Correct.
What I really meant was larger changes that would
really solve problems--both patient and provider.
As its currently run, Choice hasn't solved any problems, lets not have any delusions about that. More suicide prevention, great! Scheduling process changes, eh, maybe? Not consistent from what I saw, and it didn't really have a large-scale impact from what I saw. Walk-ins didn't really end up happening at my CBOC when I was there (physician and nurse resistance, I think)...and for MH I think that can be problematic anyway. Loan repayment? Yep, I got for my 5 years. What did it really do for veterans though? I didn't notice any differences in hiring practices...maybe you can inform me how this helped veterans/patients?

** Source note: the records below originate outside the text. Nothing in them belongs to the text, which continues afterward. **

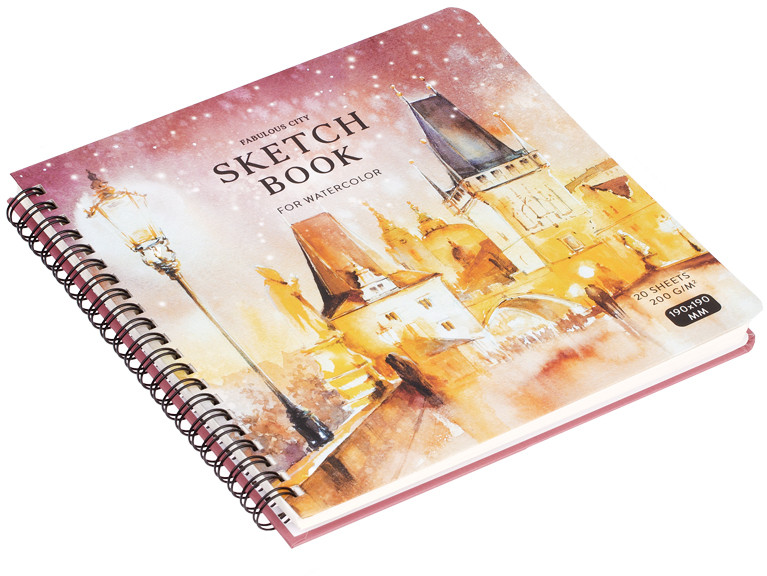 Скетчбук для акварели «Winter town» | Winter town | Greenwich Line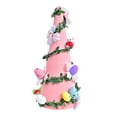 thumbnail image 1 of Easter Tree Decorations Flocked Ornament Pink with Random Color Accessories Tabletop Display for Home, 1 of 9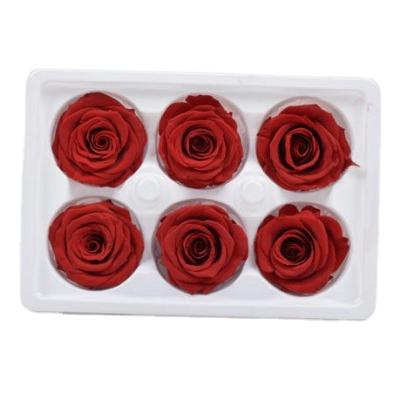 China Wholesale Rose Flower Real Preserved Roses Rose Heads Preserved DIY Rose Box Eternal for sale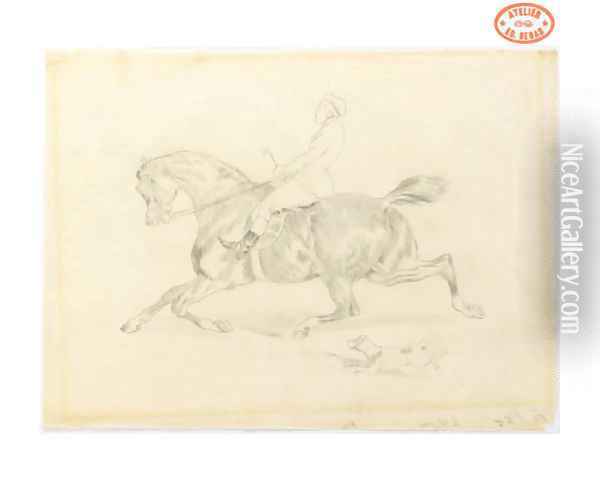 Cavalier 2 Oil Painting - Edgar Degas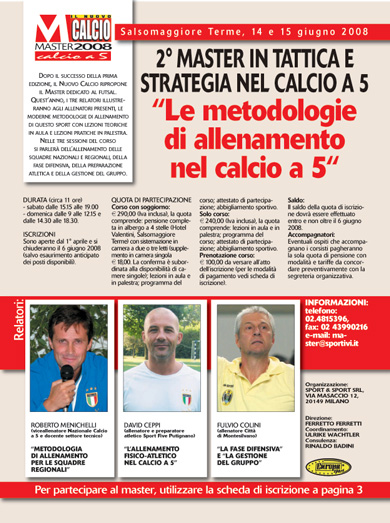 Il Nuovo Calcio Magazine - Futsal Master 2008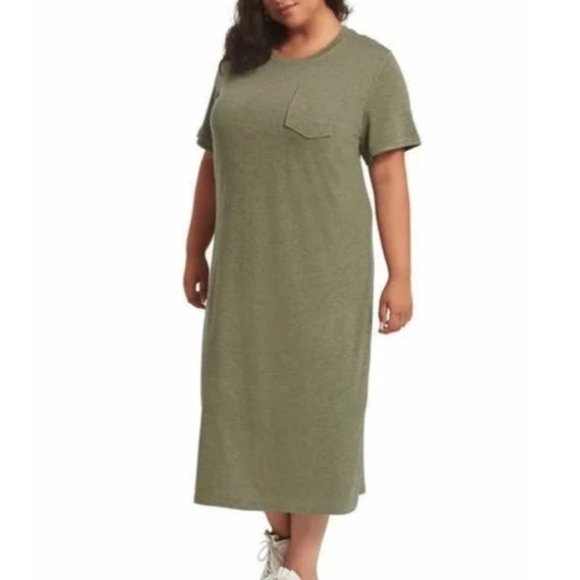 Jessica Simpson Ladies' Summer Pocket Midi Tee Dress NWT Size S - Picture 1 of 3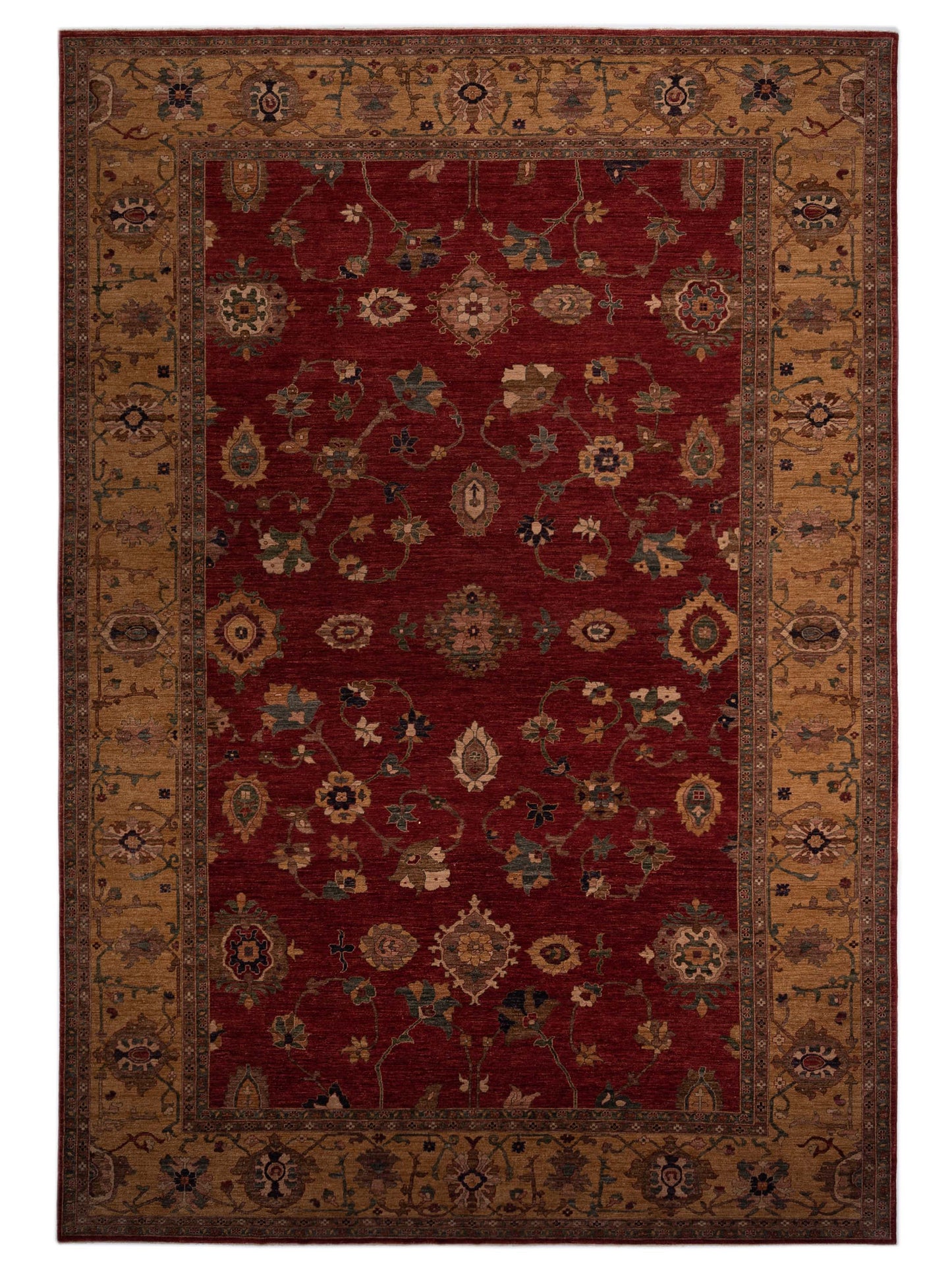 Pasha Elvan Nurgul Red Traditional Hand Knotted Rug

It's black and white to say Choice hasn't solved any problems. You spent 10 years in a VA, it looks like. Was it one VA? then you've seen one VA. I have seen a lot of benefits from Choice. I've gotten people into MH tx closer to their homes, into sleep studies within a few weeks, and have seen people engaging in ongoing services, for example PT, in their communities without having to travel to the VA. Walk-ins happen at my VA regularly. As for loan repayment, there are several providers in my clinic who likely would have left had they not gotten loan repayment. Continuity of care, consistency etc. helps Veterans.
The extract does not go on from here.